= Yaritji Young =

Australian Aboriginal artist and senior law woman

Yaritji Young (born c. 1956) is a Pitjantjatjara woman artist from Pukatja, a community within the Anangu Pitjantjatjara Yankunytjatjara Lands and she now lives at Rocket Bore; a homeland north of Amata. Young is a significant Australian Aboriginal artist and senior law women who is to committed to fostering law and culture and this forms a core part of her artistic practice. Most of Young's paintings are drawn from the Tjala (Honey Ant) Dreaming.

Young often works with her sisters and their collaborative artworks, in which they are known as 'The Ken Sisters Collaborative', receiving international attention and winning major awards.

== Life and painting ==

Young's parents are Mick Wikilyire and Paniny Mick and she was born in the bush, near a creek, at Pukatja. Little is known of her early life but she attended school in Amata and, it was here, that she first learnt to make baskets, her earliest form of textile work.

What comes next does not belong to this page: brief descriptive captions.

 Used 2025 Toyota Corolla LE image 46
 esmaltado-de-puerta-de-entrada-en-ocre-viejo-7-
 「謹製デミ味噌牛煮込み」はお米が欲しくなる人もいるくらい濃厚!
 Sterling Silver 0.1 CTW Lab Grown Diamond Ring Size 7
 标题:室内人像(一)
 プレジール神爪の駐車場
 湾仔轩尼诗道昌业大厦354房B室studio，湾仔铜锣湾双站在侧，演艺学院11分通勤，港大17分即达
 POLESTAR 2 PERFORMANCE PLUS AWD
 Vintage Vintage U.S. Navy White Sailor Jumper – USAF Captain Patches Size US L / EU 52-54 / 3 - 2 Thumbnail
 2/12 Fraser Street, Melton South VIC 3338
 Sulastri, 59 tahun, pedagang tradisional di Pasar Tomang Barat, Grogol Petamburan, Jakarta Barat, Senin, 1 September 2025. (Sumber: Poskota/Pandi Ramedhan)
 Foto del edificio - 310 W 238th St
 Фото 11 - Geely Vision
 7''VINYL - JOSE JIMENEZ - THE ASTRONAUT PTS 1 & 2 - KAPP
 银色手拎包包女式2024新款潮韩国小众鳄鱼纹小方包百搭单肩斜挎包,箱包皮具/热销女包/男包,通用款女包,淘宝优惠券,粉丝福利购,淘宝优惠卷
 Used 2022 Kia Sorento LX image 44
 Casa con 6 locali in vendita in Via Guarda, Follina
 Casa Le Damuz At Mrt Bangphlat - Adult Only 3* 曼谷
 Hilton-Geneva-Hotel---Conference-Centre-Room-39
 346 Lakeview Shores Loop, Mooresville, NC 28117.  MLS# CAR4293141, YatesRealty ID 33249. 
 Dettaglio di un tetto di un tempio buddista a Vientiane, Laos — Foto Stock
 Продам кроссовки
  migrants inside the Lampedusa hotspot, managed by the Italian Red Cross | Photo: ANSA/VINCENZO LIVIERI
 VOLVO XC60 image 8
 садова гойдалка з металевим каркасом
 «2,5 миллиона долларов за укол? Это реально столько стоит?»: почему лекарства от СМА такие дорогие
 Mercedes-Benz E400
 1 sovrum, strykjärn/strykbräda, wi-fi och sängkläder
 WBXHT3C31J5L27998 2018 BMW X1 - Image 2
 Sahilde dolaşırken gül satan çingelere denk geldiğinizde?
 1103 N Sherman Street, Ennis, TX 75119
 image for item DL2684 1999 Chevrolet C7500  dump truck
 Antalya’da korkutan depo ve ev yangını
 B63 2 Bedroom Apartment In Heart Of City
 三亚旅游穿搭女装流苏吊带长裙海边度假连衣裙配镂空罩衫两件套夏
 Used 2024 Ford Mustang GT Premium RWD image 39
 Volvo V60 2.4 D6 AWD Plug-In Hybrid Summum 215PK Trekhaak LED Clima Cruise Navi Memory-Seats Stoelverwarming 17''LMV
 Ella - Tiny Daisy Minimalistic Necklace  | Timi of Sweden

In late 2000 Young began painting at Tjala Arts (then known as Minymaku Arts) and her work in this medium is primarily drawn from the Tjala (Honey Ant) Dreaming but also incorporates Inma and Tjukurpa Dreaming. Of her paintings young says:

"My paintings are of my country; my father's country, my grandmother's country, the tjala country. Everything that my grandmother taught me, I'm teaching to my children now. They dance because I have shared what I got from my grandmother with my granddaughters, so they can know their culture."
— Yaritji Young, Short Street Gallery

Young has also worked with Tjanpi Desert Weavers as a textile artist. Her style of textile work is intricate and often contains humorous subjects; her most well-known and sought-after textile pieces are large, low-rimmed baskets decorated with emu feathers.

As an individual Young is a successful artist and, after many group exhibitions, had her first solo exhibition 'Yaritji Young: Walytjapitiku Laina - Family Lines', at the Alcaston Gallery in Melbourne, in 2017; this was followed by two more in 2018 and 2019 respectively at the same gallery. Her individual work is also held in many significant collections including the Art Gallery of New South Wales, Art Gallery of South Australia and the Queensland Art Gallery.

Young also works with her sisters; Freda Brady, Maringka Tunkin, Sandra Ken and Tjungkara Ken and, together, they form the Ken Sisters also known as the Ken Family Collaborative. In this collaborative the sisters paint together, sometimes simultaneously and sometimes consecutively, on a grounded canvas and, together, they focus on familiar and familial subjects that they share as their birthright.

In 2018 the sisters won the People's Choice category at the National Aboriginal & Torres Strait Islander Art Award with their six square metre painting 'Seven Sisters' which tells the Tjukarpa story about the constellations of the Pleiades (the sisters) and Orion (a lusty or bad man) and the sisters attempts to run away/protect each other.

'Seven Sisters' went on to win the 2019 Wynne Prize.